100% agree and as i mentioned , if you cannot do the work in the hours allotted [ even if its excessive] you run the risk of a time management referal to occupational health and all the stress that causes
 
Because almost every nurse I know -

1. Puts patient care and their needs first
2. Cares about their colleagues and won’t do things that will add to their stress and workload.

It’s not as if nurses don’t know that they should be entitled to work safely and be paid for what they do, but the reality on the inside is completely different than commentators understand or fully appreciate.



A bit of both.

When you go into the NHS you realise a few things quite quickly -

1. Long hours and no breaks, unpaid extended working have long been normalised whatever the rights or wrongs

2. Front line staffing numbers have been gradually and consistently eroded over the last decade or two

3. The culture reinforces the status quo, even before you get to the top down bullying that is part it, all normalised

4. Continual financial pressure embeds the position further. Even if you did genuinely want to make a difference and pay nurses in your service for their time I'm afraid the system will crush you into dust - the money for proper staffing levels disappeared long ago. Same argument for making patient parking free - the average hospital now desperately depends upon the £3-6m per year it receives to be able to cope (and most Trusts have been placed in artifical debt by austerity so it just ain't gonna happen).

5. The RCN don't have the best reputation in the eyes of the people it is meant to represent. Most view it as 'cushy' and divorced from the everyday realities of its paying members. My own daughter who is a qualified RMN and now high intensity pyscholigal therapist utterly despises the RCN and sees them as weak and betrayers of front line staff.

So whilst I genuinely appreciate the very logical truisms that point out the bleeding obvious that not employing enough people, not paying them for their time, placing them in invidious positions between patients and their own welfare, is not fair and shouldn't be allowed, I'm afraid the reality inside the institution is not as simple as just saying 'well don't put up with it'.

There's also a world of difference between the amount of influence that say the Health Care Assistant on your ward who probably spends the most hands on time looking after you (influence = nil) has over working arrangements, conditions and pay, and the consultant who clinically oversees your treatment (influence = huge and well beyond the job description).
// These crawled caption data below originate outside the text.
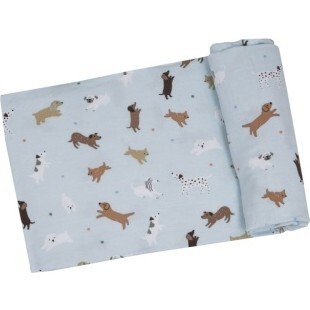 Doggies Swaddle Blanket, Blue - Swaddles - 1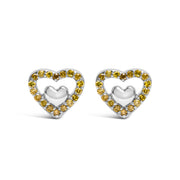Bids.com 925 Sterling Silver 1/6 Cttw Diamond Open Double Heart Stud Earrings (I-J Color, I3 Clarity) Earrings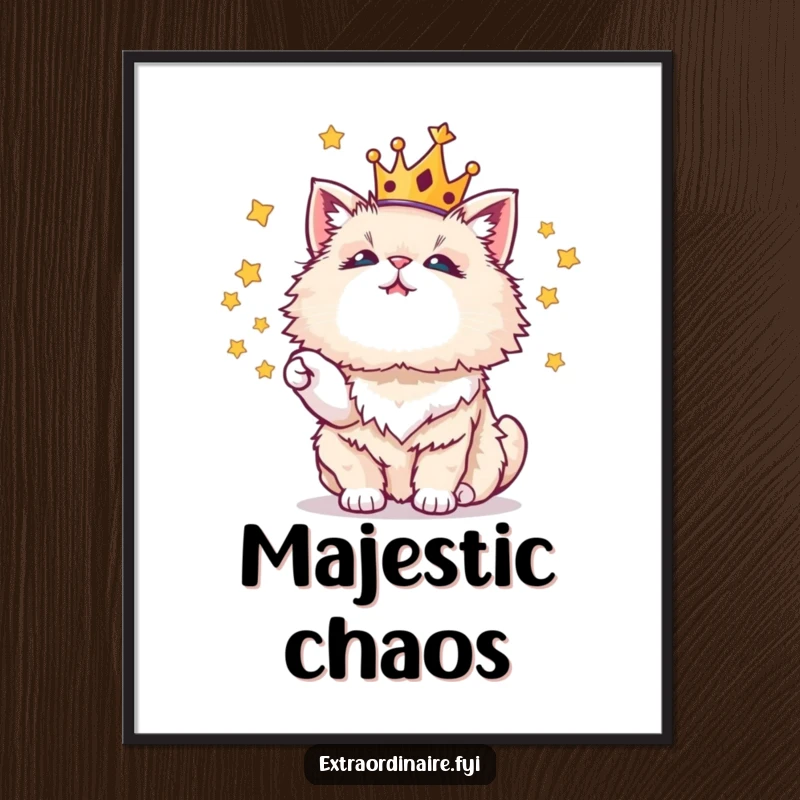 Funny wall art poster of a fluffy cat in a crown juggling stars, adding magic and humor.
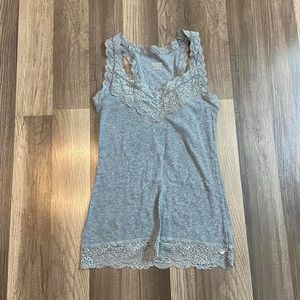 vintage lace grey tank top ୨୧⋆｡˚ ⋆.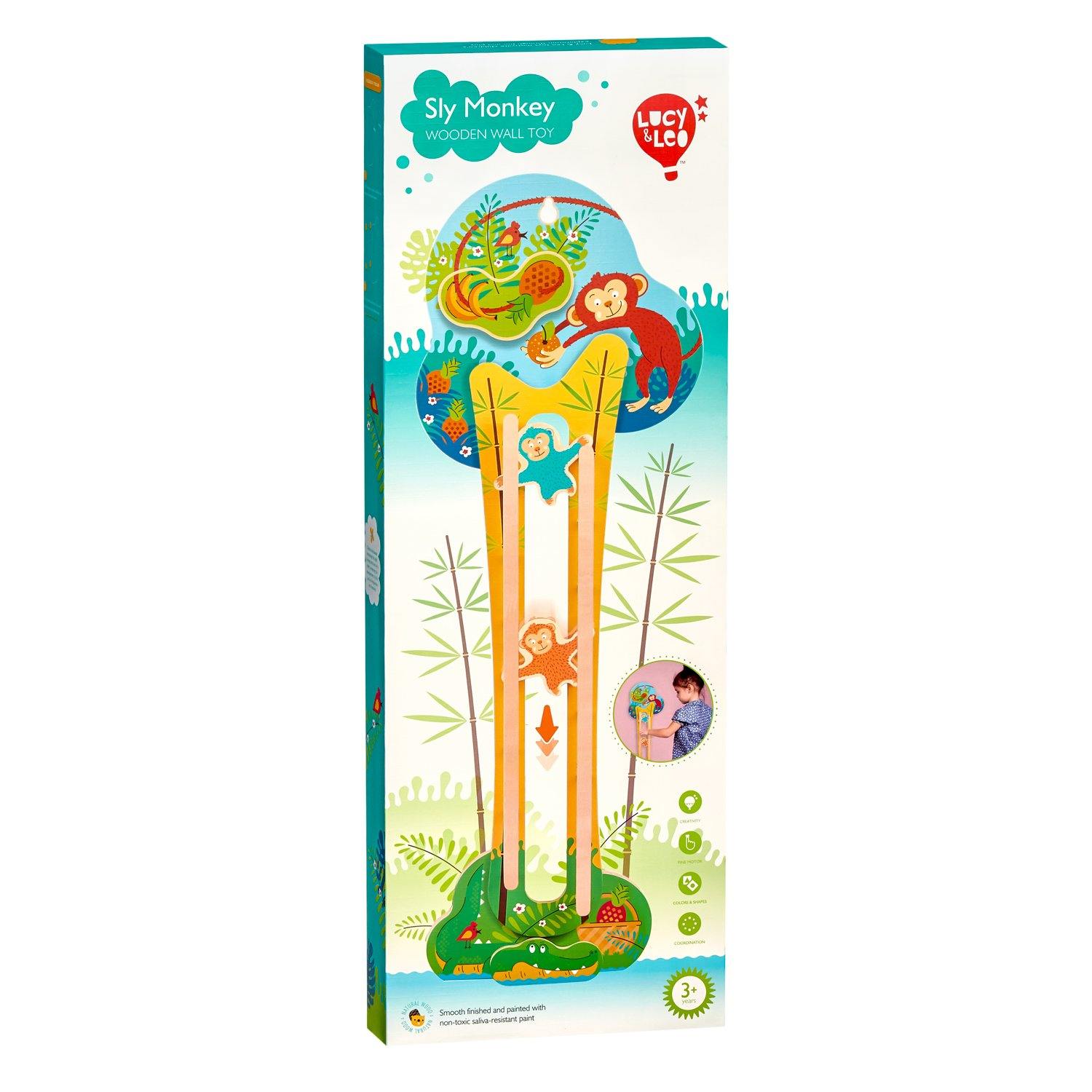 Sly monkey - wooden wall toy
GPs are another example, as they contract in rather actually being 'owned' as part of the NHS. They can withdraw labour or more accurately cooperation or even provision of services - try doing that as a nurse and see what happens. Professionalising nursing has helped but as quickly as that has helped to improve salaries and progression (specialist and nurse managers earn high salaries nowadays), the health system quickly created a new powerless dogsbody with even less power.

Its the same old story, those with more economic power and influence do well, whilst those tied up by their principles get crumbs by virtue of their inability to leverage their value.
Sorry, I don’t understand. Putting aside the two fingered message that the government 1% represents, why are nurses themselves are angry at a 1% pay rise they see it as inadequate, while at the same time they choose not to take their entitlement for extra pay for different reasons?
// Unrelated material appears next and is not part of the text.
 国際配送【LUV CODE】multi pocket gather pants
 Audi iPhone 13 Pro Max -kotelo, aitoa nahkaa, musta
If there is a culture that puts barriers between nurses and their receiving their proper entitlements then they should organise to expose that culture
 
5. The RCN don't have the best reputation in the eyes of the people it is meant to represent. Most view it as 'cushy' and divorced from the everyday realities of its paying members. My own daughter who is a qualified RMN and now high intensity pyscholigal therapist utterly despises the RCN and sees them as weak and betrayers of front line staff.
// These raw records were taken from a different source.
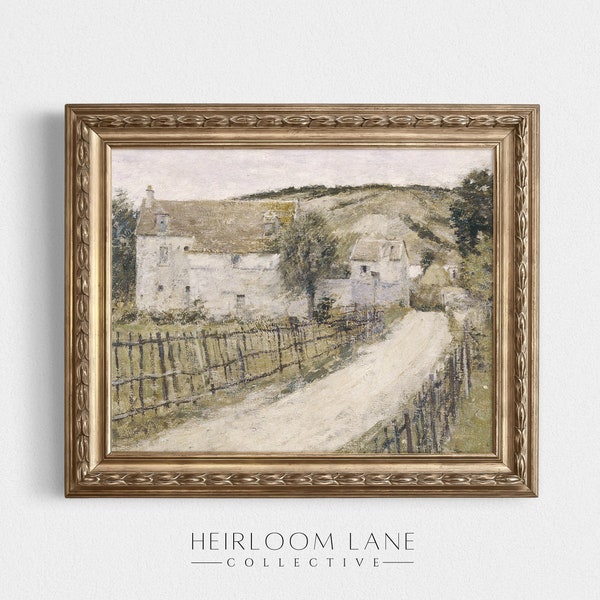 Vintage Country Cottage Lane Print Digital Download | Farm Homestead Artwork | House Painting | French Country Print | Farmhouse Art 8168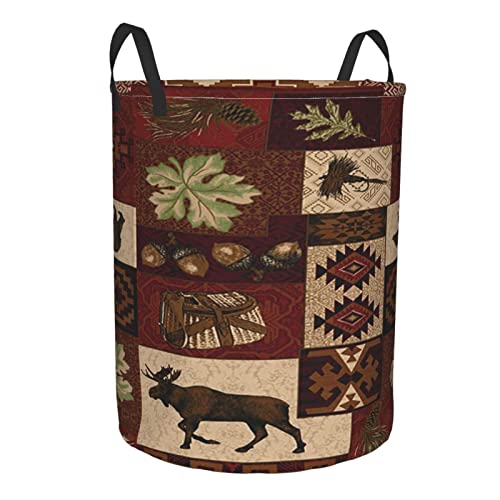 Rustic Cabin Wild Lodge Moose Deer Bear Circular Hamper Storage Basket Water-Proof Circular Dirty Clothes Hamper Laundry Basket With Handles Medium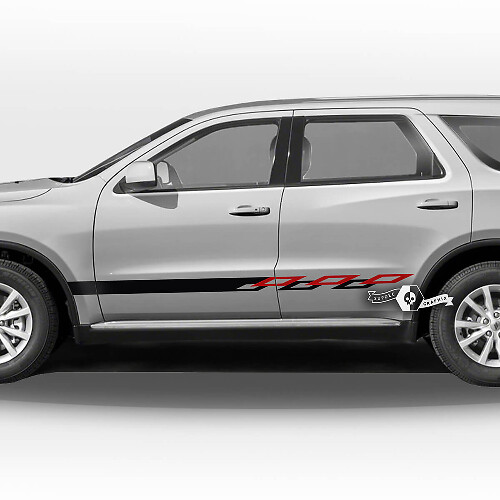 Paar Dodge Durango zijdeuren rocker paneel trim dambord vlag strepen sticker vinyl stickers 2 kleuren
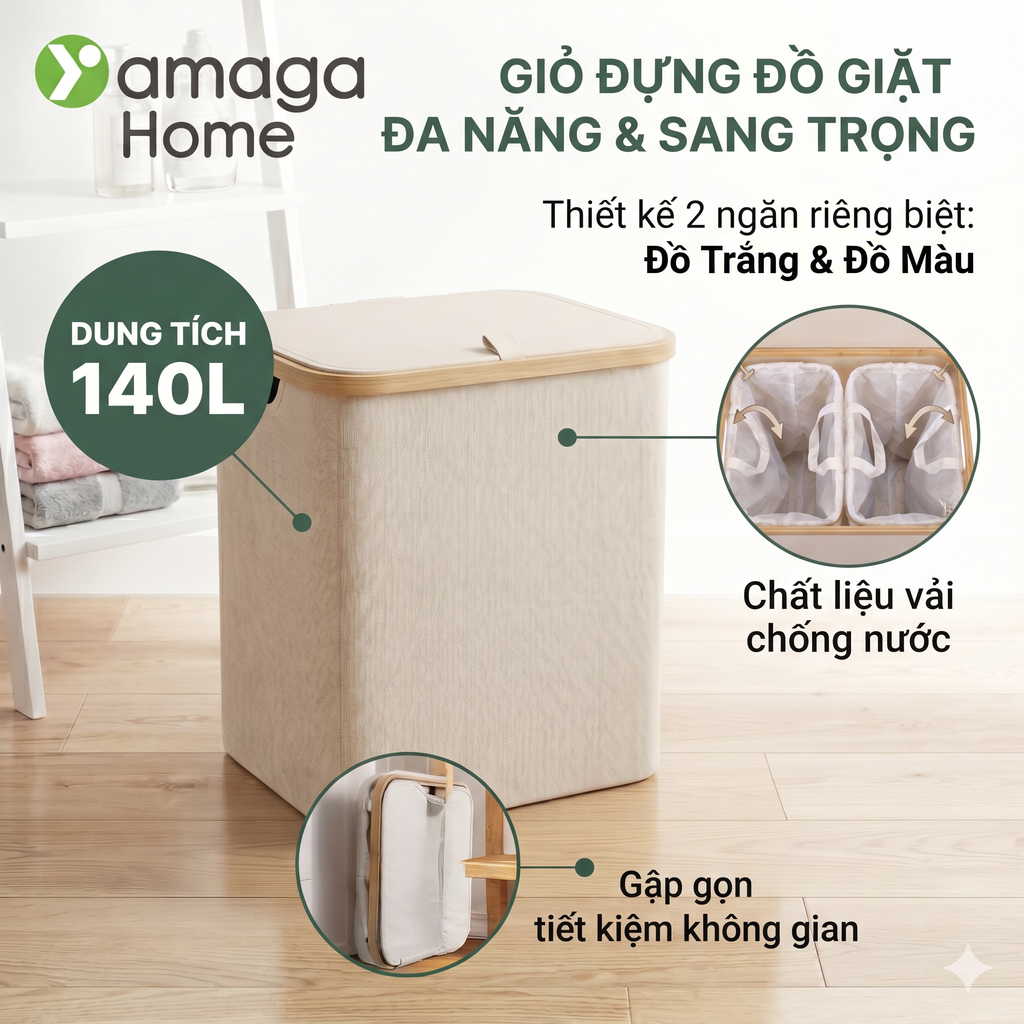 Túi đựng đồ giặt 2 ngăn YAMAGA HOME 140L - 01202CW ( hàng Amazon Mỹ ) - ảnh 1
Not sure I understand this.

The RCN has set out an entitlement to overtime pay, but nurses choose to ignore their entitlements, and the RCN is at fault?

Your daughter is correct in that unions are weak, but they are weak because of government attacks and more significantly from a lack of support from its members.

Sorry, but I don’t understand how someone can despise their union, reject the entitlements set out by the union, then blame the union (partly at least) for not getting those entitlements
 
F@&k me it all very simple (simplistic) isn’t it?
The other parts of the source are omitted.